GamePolitics readers may recall ICED!, an immigration-themed game released earlier this year by human rights organization Breakthrough. ICED! generated a good bit of controversy, including attacks by the Minutemen anti-immigration group.
While the goal of ICED! was to avoid being picked up by the authorities, Breakthrough has launched a new game which explores issues surrounding federal detention of suspected illegal immigrants.
Homeland Guantanamos is an interactive, online adventure which casts the player in the role of an investigative reporter looking into conditions inside federal immigrant detention facilities. As the game begins, players are assigned to follow up on the death of Guinean tailor Boubacar Bah, a real person who died under mysterious circumstances while being held at a facility in New Jersey. 86 other suspected illegal immigrants have also died in U.S. custody since 2003.

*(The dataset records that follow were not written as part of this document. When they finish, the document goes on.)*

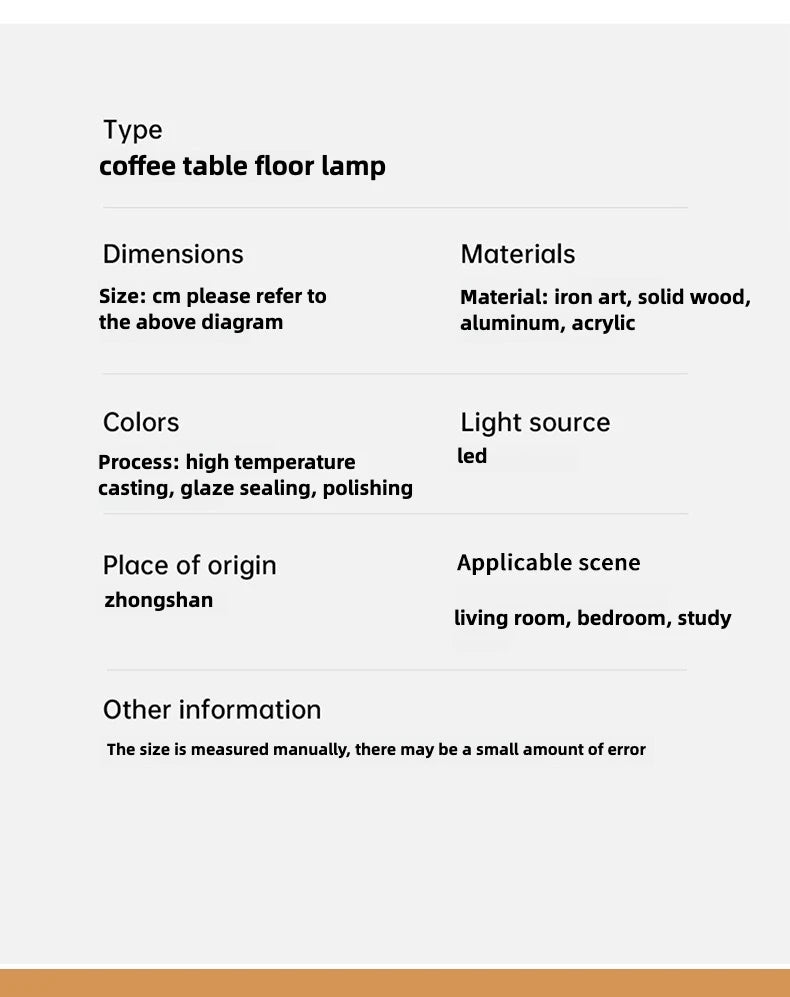 Bedroom Minimalist Nightstands Small Space Round Light Smart Bedside Table With Wireless Charger Nachttisch Library Furniture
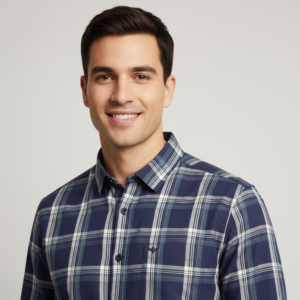 Home bohemian rhapsody attire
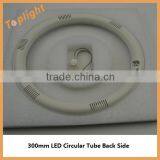 PSE Approved Cool White 300mm Circline Led Light t9 thumbnail-4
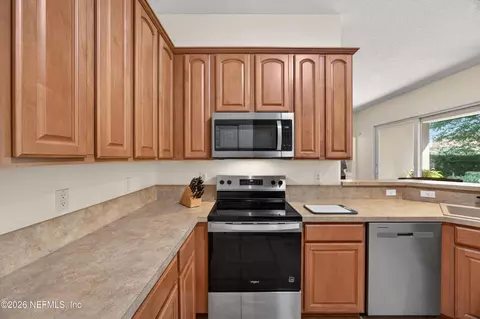424 Queen Anne Ct, Saint Augustine, FL 32092 photo 17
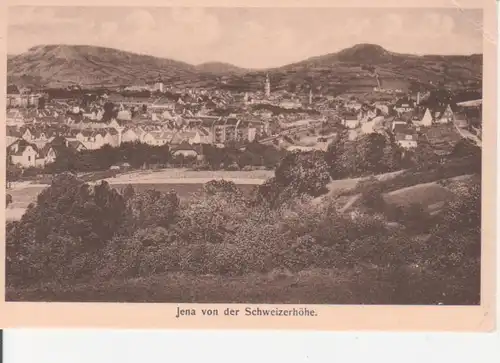 Jena Panorama ngl 89.023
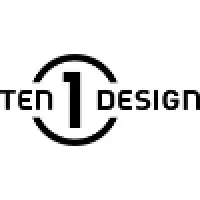 Ten One Design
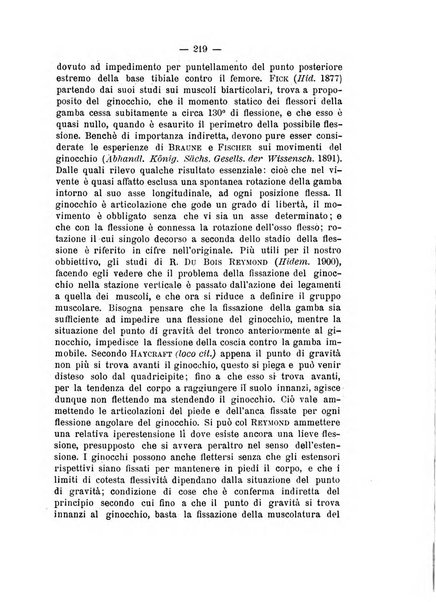 Archivio di ortopedia pubblicazione ufficiale del Pio istituto dei rachitici <1924-1950>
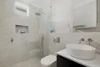 4 Harvey Street, Prahran, Vic 3181-Image
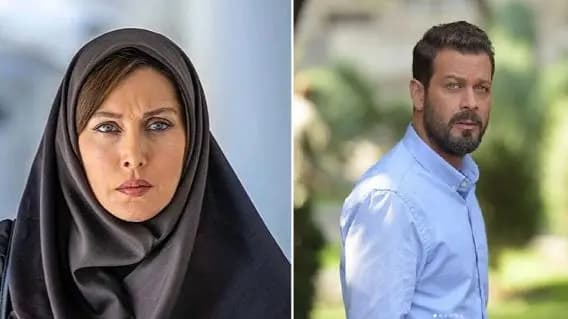 فیلم حرف های مصطفی راغب درباره ازدواج / به مجردها توصیه میکنم از یزد دختر بگیرید چون ...!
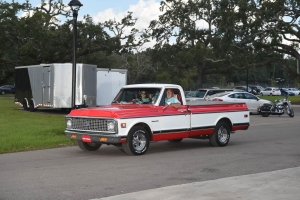 75-077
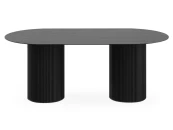 Стол обеденный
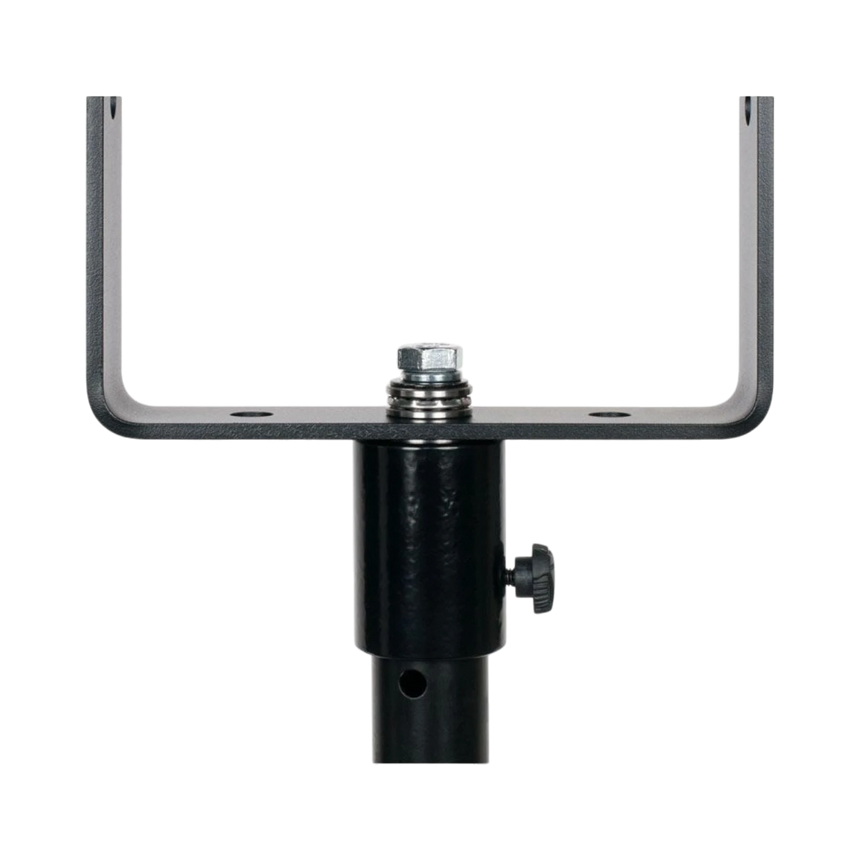 ADJ FS Pan Glide for Pro FS Stand — Being Shipped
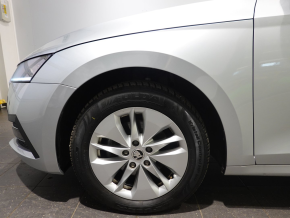 Škoda Octavia Combi Amb. 2.0 TDI Small Fleet thumbnail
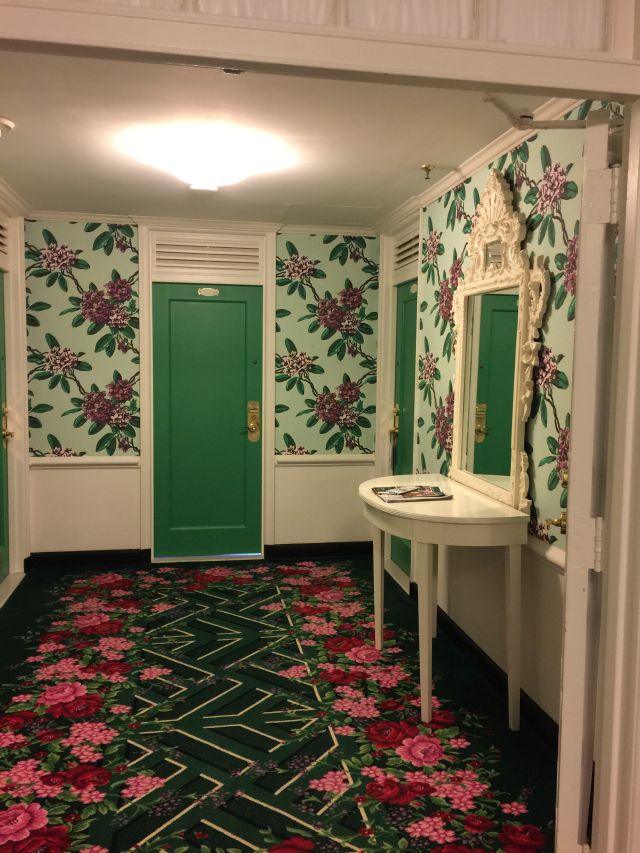 WVGreenbrier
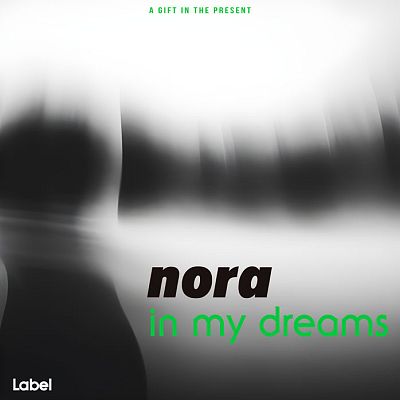 Pre Made Album Cover Alto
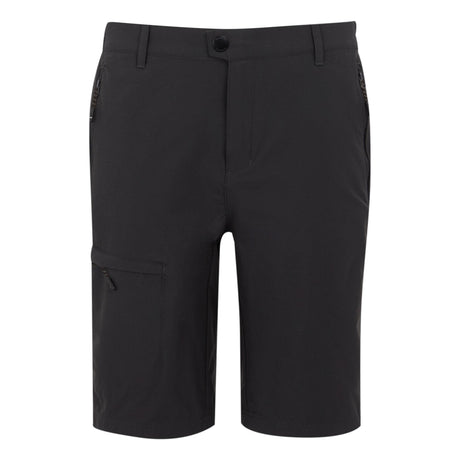 Regatta Men's Highton II Long Walking Shorts - Just £24.99! Shop now at Warwickshire Clothing. 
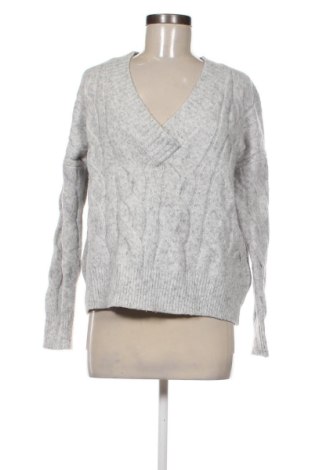 Dámsky pulóver Unbranded, Veľkosť L, Farba Sivá, Cena  15,95 €, #136683774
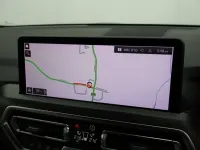 Usado BMW X3 M Sport 2023 Preto SUV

The New York Times, which originally broke the story of Bah's death, looks at the Homeland Guantanamos:
The fictional framework plays fast and loose with traditional rules of journalism — the reporter takes an undercover job as a detention guard and writes a first-person appeal for change rather than an article — but the content encountered along the way is backed by links to real newspaper articles, court documents and other factual material...
Mixing fact and fantasy is familiar territory for Breakthrough, which seeks to galvanize young people by using the new tools of popular culture to put them in the shoes of legal and illegal immigrants.

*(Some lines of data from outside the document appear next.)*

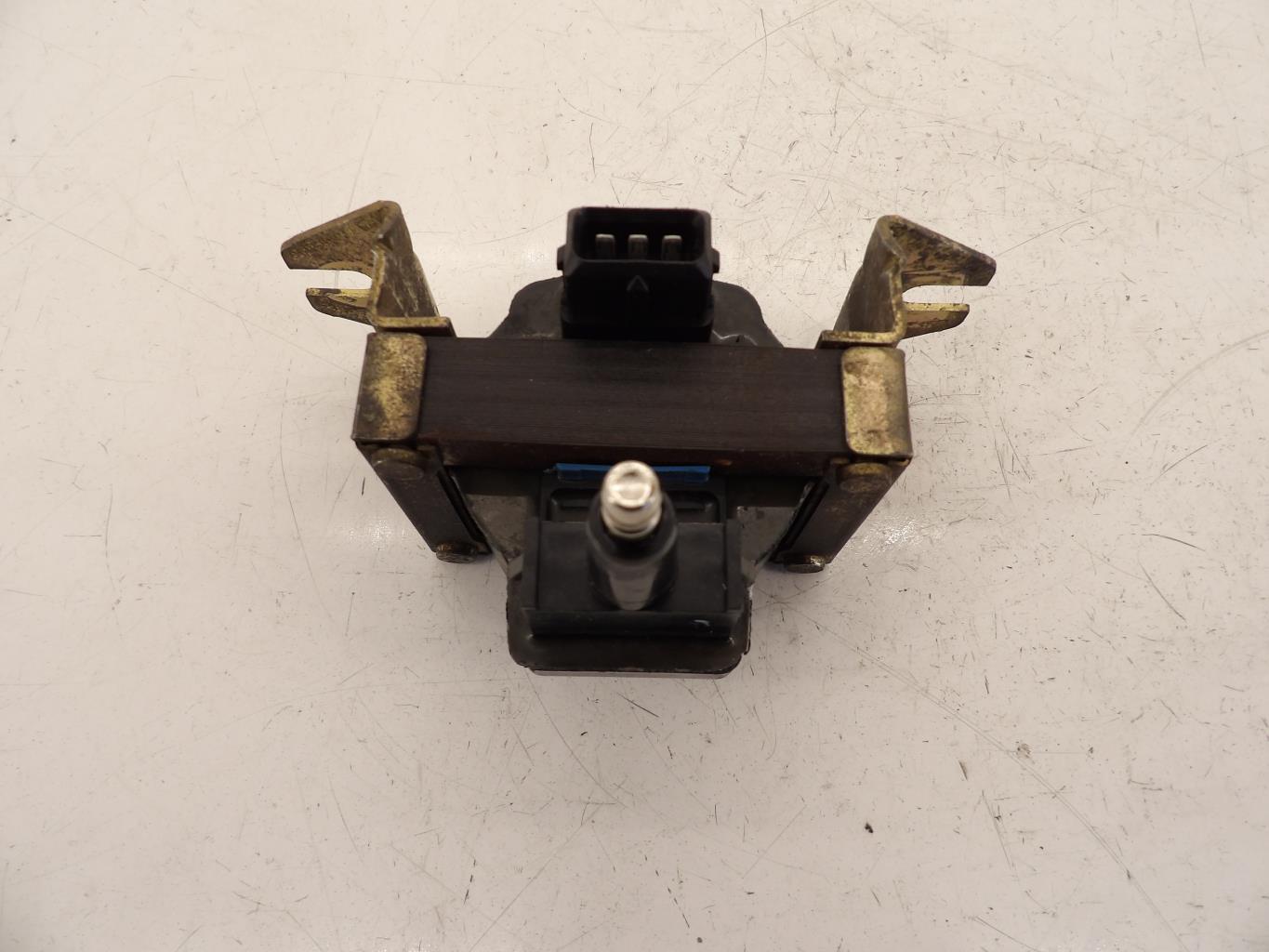 Bobine (allumage) RENAULT EXPRESS PHASE 2 Essence - 1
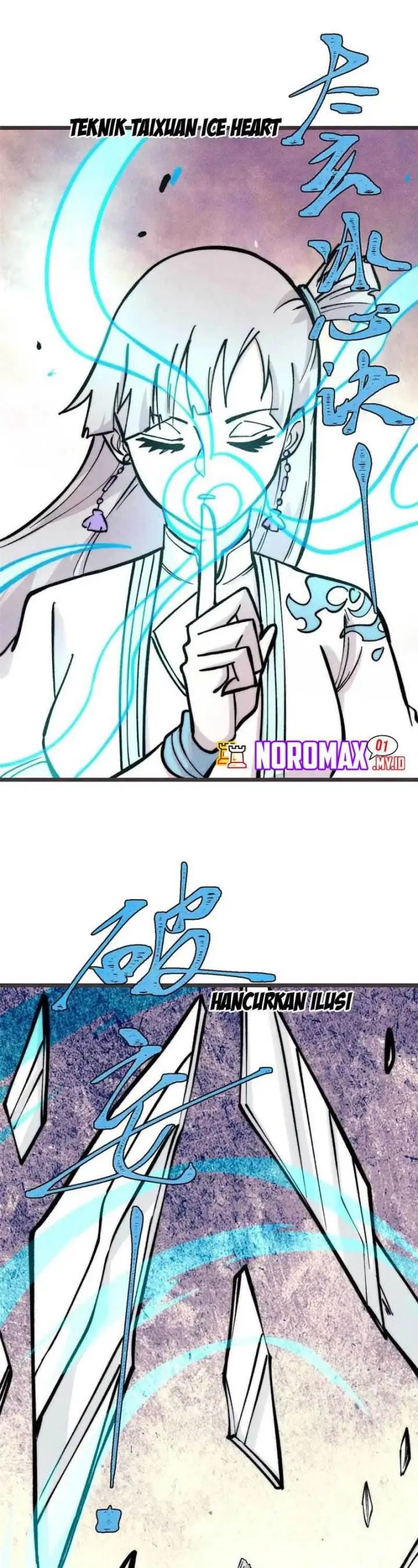 image-komik-all-hail-the-sect-leader-chapter-427-2/35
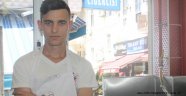 Bu gence sahip çıkalım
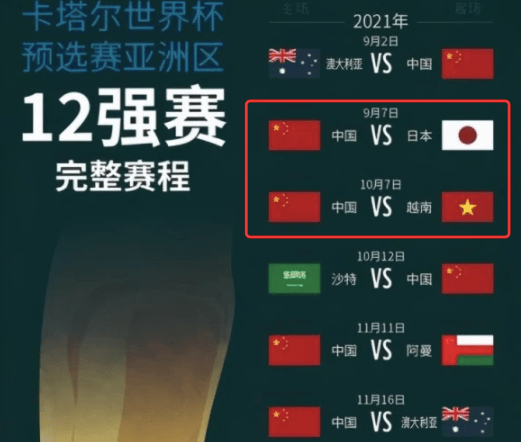 数据快（亚洲联赛）阿拉伯叙利亚共和国竞赛萨尔瓦多比分预测创意经济应用-内幕披露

Kelly Nantel, a spokeswoman for the Immigration and Customs Enforcement (ICE) division of the U.S. Department of Homeland Security offered harsh criticism of the game:
[It is] a work of fiction that dehumanizes the individuals depicted and grossly distorts conditions in detention facilities. I believe that most informed people know that they leave reality at the door when they enter the world of video games.
Breakthrough executive director Mallika Dutt, who hopes the game will help generate support for legislation aimed at bringing additional due process to immigration proceedings, told the NYT:
The Department of Homeland Security’s enforcement measures have become increasingly draconian and are leading to severe consequences, including death, for many.